- **DATA SHOWN**
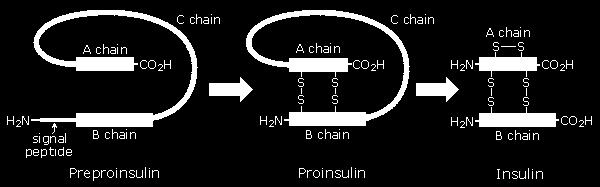 a. Trimming New proteins to be secreted from the cell are synthesized as large molecules (precursor molecules), which are not active, to be active the proteins are cleaved by endoproteases.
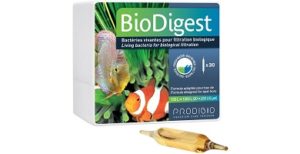 Biodigest Bacteries 390x200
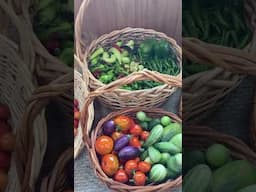 Endless Summer Harvests #shortsviral #shortsfeed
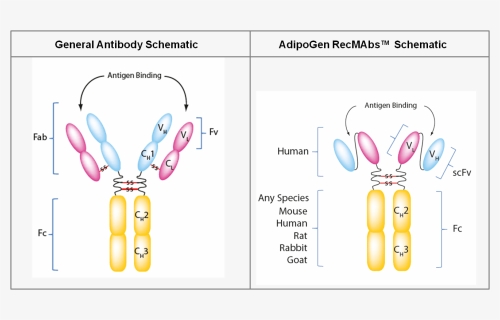 Recombinant - Monoclonal - Antibodies - Recmabs™ - - Cartoon, HD Png Download, Free Download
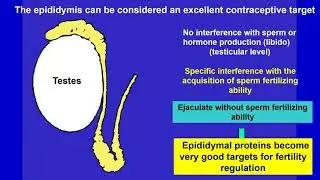 Male Contraceptive Development Targeting Spermatogenesis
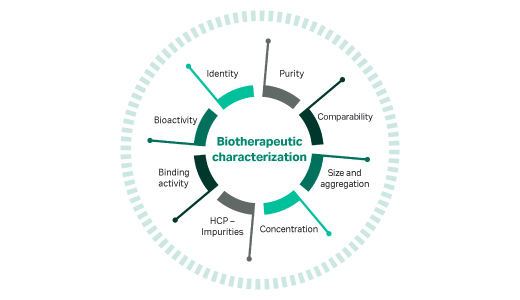 Antibody derivatives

- **YOUR TASK**
Print every record exactly without the images.

- **RESPONSE**
 a. Trimming New proteins to be secreted from the cell are synthesized as large molecules (precursor molecules), which are not active, to be active the proteins are cleaved by endoproteases.
 Biodigest Bacteries 390x200
 Endless Summer Harvests #shortsviral #shortsfeed
 Recombinant - Monoclonal - Antibodies - Recmabs™ - - Cartoon, HD Png Download, Free Download
 Male Contraceptive Development Targeting Spermatogenesis
 Antibody derivatives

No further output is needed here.